Building Hadoop and HBase for HBase Maven application development
1 Introduction
HBase 0.90.3 needs Hadoop common 0.20-append branch in order to not lose data. More information about this can be found "Getting Started" section of HBase guide. However, there is no official release of Hadoop common 0.20-append binary. In order to have consistent and right bits on your cluster and your development platform, you need to "compile your own binary version" of Hadoop common from the 0.20-append branch source and your own version of HBase 0.90.3 using that Hadoop common binary.
This article provides an overview of building Hadoop and HBase for developing HBase applications that are managed using Maven.
2 Interpreting Maven terminology
A brief description about a few ambiguous terms is provided in this section to avoid potential confusion.
2.1 Maven repository vs repository manager
Maven repository refers to ~/.m2/repository, whereas Maven repository manager refers to an artifact repository manager like Apache Archiva or Artifactory.
2.2 Installing vs deploying artifacts
Installing an artifact is installing it in the Maven repository, whereas deploying an artifact means publishing the artifact in a Maven repository manager.

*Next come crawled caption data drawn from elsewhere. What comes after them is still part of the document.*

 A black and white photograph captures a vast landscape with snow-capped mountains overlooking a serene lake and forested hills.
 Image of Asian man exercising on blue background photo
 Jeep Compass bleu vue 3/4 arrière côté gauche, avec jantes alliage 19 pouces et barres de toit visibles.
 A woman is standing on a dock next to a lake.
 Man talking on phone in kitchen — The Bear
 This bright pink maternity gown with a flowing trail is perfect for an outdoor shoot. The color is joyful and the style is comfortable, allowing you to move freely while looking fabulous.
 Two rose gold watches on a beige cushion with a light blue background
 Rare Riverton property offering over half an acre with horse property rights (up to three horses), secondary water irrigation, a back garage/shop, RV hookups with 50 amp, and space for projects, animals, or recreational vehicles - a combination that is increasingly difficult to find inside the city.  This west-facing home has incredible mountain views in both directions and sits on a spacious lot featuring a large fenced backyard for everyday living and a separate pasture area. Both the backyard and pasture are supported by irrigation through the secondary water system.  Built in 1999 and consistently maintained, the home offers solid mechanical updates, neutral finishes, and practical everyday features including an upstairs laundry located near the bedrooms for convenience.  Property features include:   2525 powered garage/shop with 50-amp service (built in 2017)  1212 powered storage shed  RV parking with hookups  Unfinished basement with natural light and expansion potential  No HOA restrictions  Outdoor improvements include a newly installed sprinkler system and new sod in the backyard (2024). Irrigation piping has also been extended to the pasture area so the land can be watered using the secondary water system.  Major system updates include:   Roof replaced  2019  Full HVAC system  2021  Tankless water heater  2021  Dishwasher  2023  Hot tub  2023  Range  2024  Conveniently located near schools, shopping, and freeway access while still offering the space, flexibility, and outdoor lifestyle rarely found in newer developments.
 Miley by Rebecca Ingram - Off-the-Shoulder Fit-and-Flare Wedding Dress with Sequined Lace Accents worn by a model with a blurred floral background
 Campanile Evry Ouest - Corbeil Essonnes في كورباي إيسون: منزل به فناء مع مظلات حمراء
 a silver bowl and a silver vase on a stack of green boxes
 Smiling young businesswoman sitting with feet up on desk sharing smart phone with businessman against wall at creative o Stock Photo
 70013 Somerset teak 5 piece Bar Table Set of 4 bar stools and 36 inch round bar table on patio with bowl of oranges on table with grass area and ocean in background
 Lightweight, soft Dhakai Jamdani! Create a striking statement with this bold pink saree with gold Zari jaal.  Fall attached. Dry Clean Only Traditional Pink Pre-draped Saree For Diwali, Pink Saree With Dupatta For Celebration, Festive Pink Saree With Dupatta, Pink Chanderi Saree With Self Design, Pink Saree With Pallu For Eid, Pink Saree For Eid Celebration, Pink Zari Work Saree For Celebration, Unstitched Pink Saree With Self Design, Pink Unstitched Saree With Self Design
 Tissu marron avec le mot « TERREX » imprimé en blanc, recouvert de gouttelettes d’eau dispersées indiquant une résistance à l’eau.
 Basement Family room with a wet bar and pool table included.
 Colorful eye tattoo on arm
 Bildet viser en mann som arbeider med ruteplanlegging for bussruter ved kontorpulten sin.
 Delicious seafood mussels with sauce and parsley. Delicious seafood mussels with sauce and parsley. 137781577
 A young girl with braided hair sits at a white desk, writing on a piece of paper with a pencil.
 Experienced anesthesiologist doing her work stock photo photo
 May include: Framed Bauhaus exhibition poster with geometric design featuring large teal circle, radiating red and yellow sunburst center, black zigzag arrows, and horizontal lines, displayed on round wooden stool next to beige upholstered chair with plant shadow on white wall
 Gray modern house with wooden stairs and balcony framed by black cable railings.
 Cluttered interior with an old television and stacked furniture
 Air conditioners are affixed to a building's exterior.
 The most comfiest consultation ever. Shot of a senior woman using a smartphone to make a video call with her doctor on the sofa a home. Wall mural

For more information, please refer to Maven reference.
2.3 Installing artifacts vs binaries
Installing artifacts refers to installing them in Maven repository, whereas installing binaries refers to installing the entire binary distribution on the cluster.
3 Prerequisites
You need the following components for this process.
- Oracle Java SE 6
- Oracle Java SE 5
- Apache Subversion
- Apache Ant
- Apache Forrest 0.8
- Apache Maven
- A Maven repository manager (Optional)
If you are using a Maven repository manager, then make sure that you configure the authentication settings for the repository manager in ~/.m2/settings file.
<settings>
...
<servers>
<server>
<id>yourrepo.internal</id>
<username>USER</username>
<password>PASSWORD</password>
</server>
</servers>
...
</settings>
yourrepo.internal is the ID that you will be referring to later from Ant and Maven build configurations.
USER and PASSWORD are the username and password of an account with deployment role in your Maven repository manager.
4 Building Hadoop common
4.1 Checkout Hadoop common
Checkout Hadoop common from 0.20-append branch.
$ svn co http://svn.apache.org/repos/asf/hadoop/common/branches/branch-0.20-append/ hadoop-common-0.20-append
4.2 Create build.properties
Hadoop uses Apache Ant as a build tool. In order to build hadoop-common, you need to create a hadoop-common-0.20-append/build.properties file that looks something like this.
resolvers=internal
version=0.20-append-r1057313-yourversion
project.version=${version}
hadoop.version=${version}
hadoop-core.version=${version}
hadoop-hdfs.version=${version}
hadoop-mapred.version=${version}
Note that at the time of creation of this article, the latest revision that was available in 0.20-append branch was r1057313.
Also, try to assign a meaningful suffix in place of yourversion so that you can distinguish between the official artifacts and the artifacts that are deployed by you.
4.3 OPTIONAL: Configure your repository manager
Please follow this step only if you are running a Maven repository manager for team collaboration and you want to deploy the Hadoop common artifacts to that repository manager.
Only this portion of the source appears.